1. The cross product is not commutative. That is, $\vec{a}\times \vec{b} \neq \vec{b}\times \vec{a}$ . By the right-hand screw rule, $\vec{a}\times \vec{b}$ and $\vec{b}\times \vec{a}$ have opposite directions, so $\vec{a}\times \vec{b} = -\vec{b}\times \vec{a}$ . 2. The cross products are distributive with respect to vector addition: $\vec{a}\times (\vec{b}+ \vec{c})=\vec{a}\times \vec{b}+\vec{a}\times \vec{c}$ . 3. $\ 0\times \vec{a} = \vec{a}\times 0=0$ . 4. $\ c(\vec{a}\times \vec{b})=(c\vec{a})\times \vec{b}=\vec{a}\times (c\vec{b})$ . 5. $\ \vec{a}\times \vec{a}=0$ . 6. Under reflection (i.e. taking mirror image), all components of a vector change signs. Thus, for $\vec{a}\times \vec{b},$ we have $\big(-\vec{a})\times (-\vec{b}\big)=\vec{a}\times \vec{b}$ . So $\vec{a}\times \vec{b}$ remains the same under reflection.
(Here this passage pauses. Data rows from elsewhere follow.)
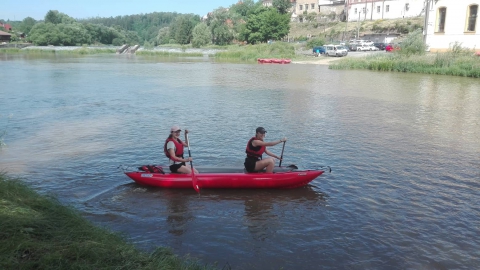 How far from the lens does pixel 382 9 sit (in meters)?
76.6

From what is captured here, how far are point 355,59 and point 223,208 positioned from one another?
34956mm

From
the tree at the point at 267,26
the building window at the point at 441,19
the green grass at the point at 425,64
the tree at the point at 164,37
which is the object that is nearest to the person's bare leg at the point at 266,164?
the green grass at the point at 425,64

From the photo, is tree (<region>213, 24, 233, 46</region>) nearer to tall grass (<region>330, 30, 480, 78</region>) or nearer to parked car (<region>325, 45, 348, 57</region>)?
parked car (<region>325, 45, 348, 57</region>)

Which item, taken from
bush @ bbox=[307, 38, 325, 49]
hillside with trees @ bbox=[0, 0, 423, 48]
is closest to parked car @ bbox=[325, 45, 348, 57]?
bush @ bbox=[307, 38, 325, 49]

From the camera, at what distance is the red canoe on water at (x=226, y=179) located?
834cm

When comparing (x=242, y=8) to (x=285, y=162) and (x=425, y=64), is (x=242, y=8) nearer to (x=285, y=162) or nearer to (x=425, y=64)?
(x=425, y=64)

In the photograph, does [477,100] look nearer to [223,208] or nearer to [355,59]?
[223,208]

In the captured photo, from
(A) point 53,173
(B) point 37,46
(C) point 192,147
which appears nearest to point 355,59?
(C) point 192,147

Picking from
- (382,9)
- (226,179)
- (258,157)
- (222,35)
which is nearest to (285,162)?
(258,157)

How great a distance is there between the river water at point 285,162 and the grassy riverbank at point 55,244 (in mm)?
1299

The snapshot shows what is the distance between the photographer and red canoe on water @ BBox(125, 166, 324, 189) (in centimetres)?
834

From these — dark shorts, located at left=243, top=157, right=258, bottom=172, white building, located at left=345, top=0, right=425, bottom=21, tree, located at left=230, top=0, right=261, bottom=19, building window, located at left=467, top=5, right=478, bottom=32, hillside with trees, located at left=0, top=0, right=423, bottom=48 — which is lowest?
dark shorts, located at left=243, top=157, right=258, bottom=172

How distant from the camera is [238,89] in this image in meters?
25.5

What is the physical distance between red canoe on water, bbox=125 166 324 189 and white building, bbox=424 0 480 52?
36.9 m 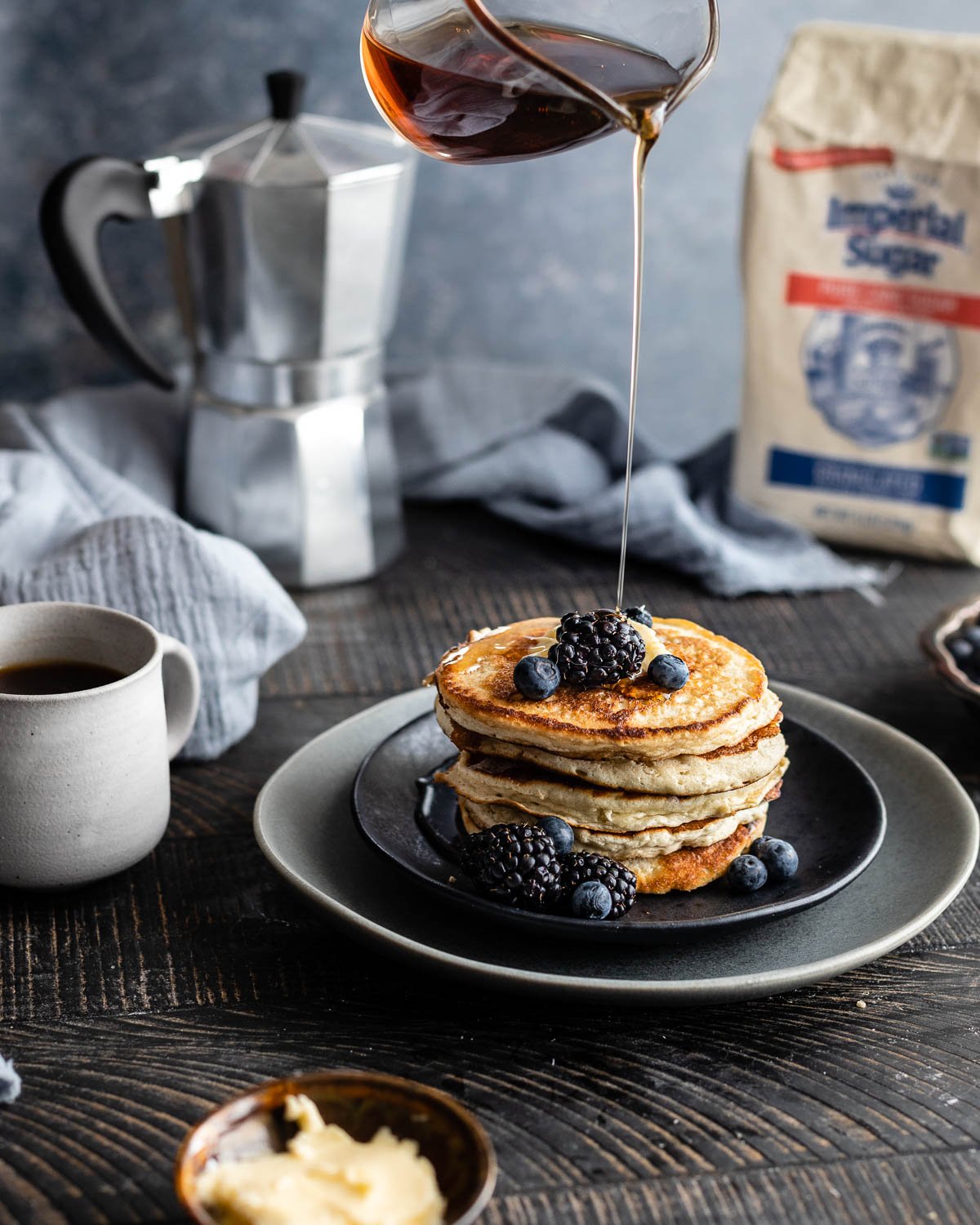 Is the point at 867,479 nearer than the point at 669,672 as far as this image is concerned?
No

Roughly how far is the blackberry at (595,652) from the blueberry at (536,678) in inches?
0.5

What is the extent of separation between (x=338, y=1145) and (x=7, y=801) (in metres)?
0.41

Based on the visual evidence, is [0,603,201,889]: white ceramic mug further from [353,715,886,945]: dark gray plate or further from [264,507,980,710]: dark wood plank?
[264,507,980,710]: dark wood plank

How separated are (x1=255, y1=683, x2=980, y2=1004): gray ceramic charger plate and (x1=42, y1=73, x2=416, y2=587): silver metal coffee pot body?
0.52 metres

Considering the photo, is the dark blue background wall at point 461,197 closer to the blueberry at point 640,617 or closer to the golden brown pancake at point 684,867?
the blueberry at point 640,617

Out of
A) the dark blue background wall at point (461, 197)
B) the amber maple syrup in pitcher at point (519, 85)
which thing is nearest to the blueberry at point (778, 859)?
the amber maple syrup in pitcher at point (519, 85)

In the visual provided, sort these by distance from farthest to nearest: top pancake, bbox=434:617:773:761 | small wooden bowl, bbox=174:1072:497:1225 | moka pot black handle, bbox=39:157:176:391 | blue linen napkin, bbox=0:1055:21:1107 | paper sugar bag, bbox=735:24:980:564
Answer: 1. paper sugar bag, bbox=735:24:980:564
2. moka pot black handle, bbox=39:157:176:391
3. top pancake, bbox=434:617:773:761
4. blue linen napkin, bbox=0:1055:21:1107
5. small wooden bowl, bbox=174:1072:497:1225

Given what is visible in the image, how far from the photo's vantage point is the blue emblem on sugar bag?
180 centimetres

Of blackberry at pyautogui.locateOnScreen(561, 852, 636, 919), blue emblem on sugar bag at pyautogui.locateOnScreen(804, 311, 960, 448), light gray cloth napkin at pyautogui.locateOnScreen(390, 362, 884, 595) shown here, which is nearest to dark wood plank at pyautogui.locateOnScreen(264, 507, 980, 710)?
light gray cloth napkin at pyautogui.locateOnScreen(390, 362, 884, 595)

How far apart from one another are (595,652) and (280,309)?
2.52 ft

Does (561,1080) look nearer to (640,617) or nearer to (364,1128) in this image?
(364,1128)

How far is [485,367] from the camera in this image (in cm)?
204

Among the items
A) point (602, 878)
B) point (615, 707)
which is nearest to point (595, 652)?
point (615, 707)

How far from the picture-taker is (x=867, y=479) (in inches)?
73.8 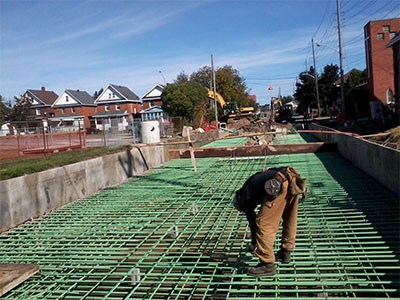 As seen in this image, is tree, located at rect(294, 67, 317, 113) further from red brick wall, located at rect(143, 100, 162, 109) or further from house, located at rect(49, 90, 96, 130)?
house, located at rect(49, 90, 96, 130)

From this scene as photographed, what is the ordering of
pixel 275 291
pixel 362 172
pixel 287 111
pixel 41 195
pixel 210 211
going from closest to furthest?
pixel 275 291
pixel 210 211
pixel 41 195
pixel 362 172
pixel 287 111

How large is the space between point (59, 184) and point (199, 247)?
4.39m

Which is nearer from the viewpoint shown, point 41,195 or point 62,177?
point 41,195

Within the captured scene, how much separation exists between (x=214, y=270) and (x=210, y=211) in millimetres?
2740

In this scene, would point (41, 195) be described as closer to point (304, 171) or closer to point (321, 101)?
point (304, 171)

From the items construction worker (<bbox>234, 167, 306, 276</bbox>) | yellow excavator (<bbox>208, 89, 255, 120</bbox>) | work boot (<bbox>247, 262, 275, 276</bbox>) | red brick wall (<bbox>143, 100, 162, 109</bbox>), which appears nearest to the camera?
construction worker (<bbox>234, 167, 306, 276</bbox>)

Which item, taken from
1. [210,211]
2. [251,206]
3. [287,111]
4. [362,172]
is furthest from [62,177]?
[287,111]

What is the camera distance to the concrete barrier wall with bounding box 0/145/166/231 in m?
7.08

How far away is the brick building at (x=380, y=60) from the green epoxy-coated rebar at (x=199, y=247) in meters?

All these properties can are derived from the definition of the cross product and are left as exercises for the readers to prove.

Given two vectors $\vec{v}=3i-2j-k$ and $\vec{w}=4i+3j+2k$ , find

A) $\ \vec{v}\times \vec{w}$
B) $\ \vec{w}\times \vec{v}$ .

A) $\ \vec{v}\times \vec{w}:$
We can get the cross product by calculating the determinant: $\begin{aligned} \begin{vmatrix} i & j & k \\ 3 & -2 & -1 \\ 4 & 3 & 2 \end{vmatrix} &=\big(-2(2)-3(-1)\big)i-\big(3(2)-4(-1)\big)j+\big(3(3)-4(-2)\big)k\\ &=-i-10j+17k. \end{aligned}$

B) $\ \vec{w}\times \vec{v}:$
We could just follow the same steps, but a shortcut would be to use Theorem 1 above: $\begin{aligned} \vec{w}\times \vec{v}&=-(\vec{v}\times \vec{w})\\ &=-(-i-10j+17k)\\ &=i+10j-17k.\ _\square \end{aligned}$

There are also some properties that relate the cross product and the dot product:

A) $\ \vec{a}\cdot \big(\vec{a}\times \vec{b}\big)=0$

B) $\ \vec{b}\cdot \big(\vec{a}\times \vec{b}\big)=0$

C) $\ \vec{a}\times \big(\vec{b}\times \vec{c}\big)=(\vec{a}\cdot \vec{c})\vec{b}-\big(\vec{a}\cdot \vec{b}\big)\vec{c}$

D) $\ \big(\vec{a}\times \vec{b}\big)\times \vec{c}=(\vec{a}\cdot \vec{c})\vec{b}-\big(\vec{b}\cdot \vec{c}\big)\vec{a}$

E) $\ { \left\| \vec { a } \times \vec { b } \right\| }^{ 2 }=\left\| \vec { a } \right\|^2 \left\| \vec { b } \right\|^2 -{ \big(\vec { a } \cdot \vec { b } \big) }^{ 2 } \qquad$ (known as Lagrange's identity)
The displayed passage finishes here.